= List of Washington Nationals no-hitters =

The Washington Nationals are a Major League Baseball franchise based in Washington, D.C. They play in the National League East division. Formed as an expansion team in 1969 as the Montreal Expos, they were based in Montreal, Quebec, through the 2004 season. In 2005 they moved to Washington, D.C., and become known as the Washington Nationals. Seven no-hitters have been pitched in franchise history, four while the team was based in Montreal as the Expos, and three as the present-day Washington Nationals.

A no-hitter is officially recognized by Major League Baseball only "when a pitcher (or pitchers) allows no hits during the entire course of a game, which consists of at least nine innings". No-hitters of less than nine complete innings were previously recognized by the league as official; however, several rule alterations in 1991 changed the rule to its current form.

Dennis Martínez threw the first and thus far only perfect game, a special subcategory of no-hitter, in Expos/Nationals franchise history on July 28, 1991, during the Expos era.
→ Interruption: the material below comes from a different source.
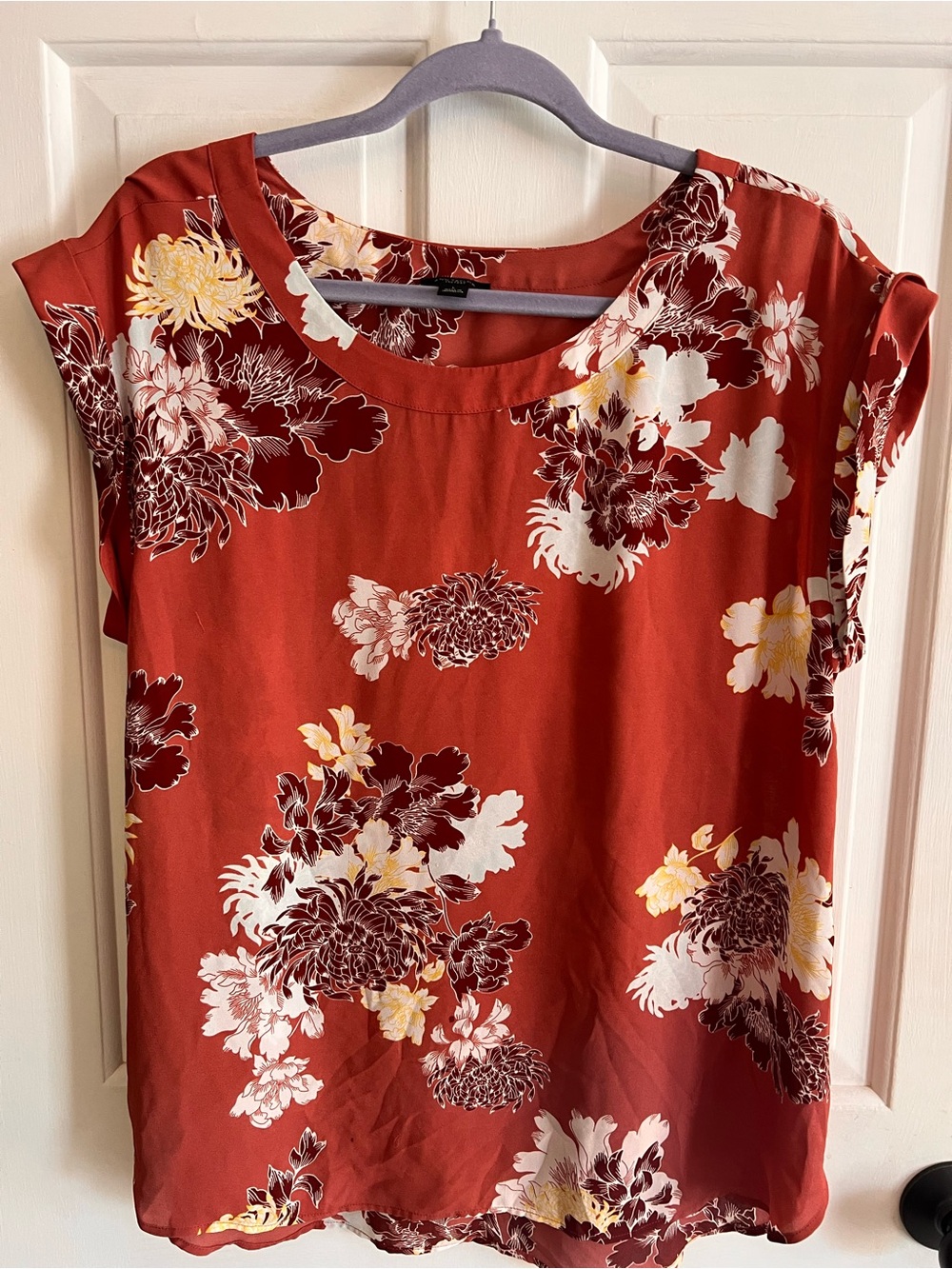 Ann Taylor Rust Floral Short Sleeve Blouse with White and Yellow Accents L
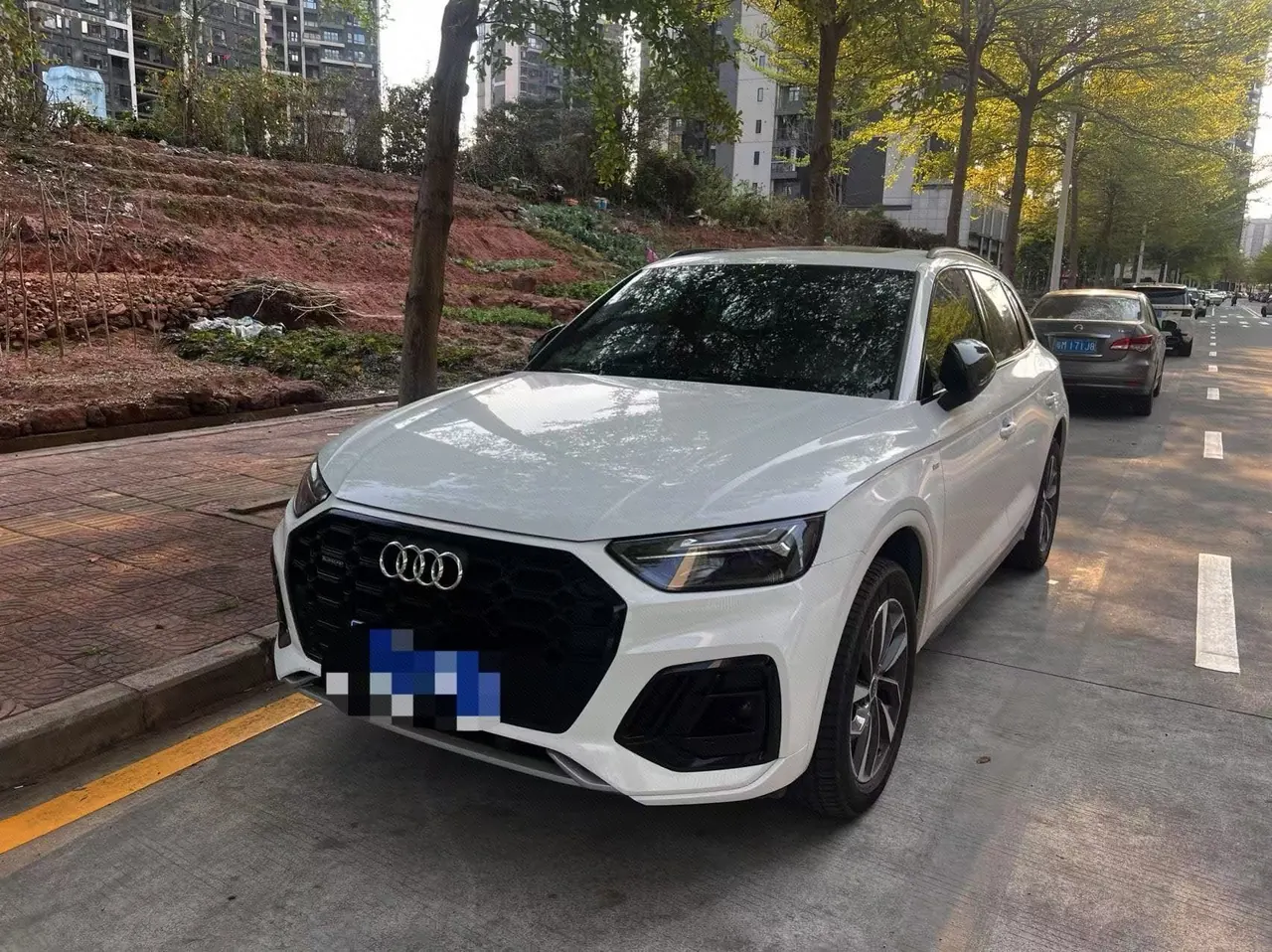 Open image lightbox: Audi 2024 Q5L 2.0TFSI 40TFSI luxury dynamic automatic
As defined by Major League Baseball, "in a perfect game, no batter reaches any base during the course of the game."

The umpire is also an integral part of any no-hitter. The task of the umpire in a baseball game is to make any decision "which involves judgment, such as, but not limited to, whether a batted ball is fair or foul, whether a pitch is a strike or a ball, or whether a runner is safe or out… [the umpire's judgment on such matters] is final." Part of the duties of the umpire making calls at home plate includes defining the strike zone, which "is defined as that area over homeplate (sic) the upper limit of which is a horizontal line at the midpoint between the top of the shoulders and the top of the uniform pants, and the lower level is a line at the hollow beneath the kneecap." These calls define every baseball game and are therefore integral to the completion of any no-hitter.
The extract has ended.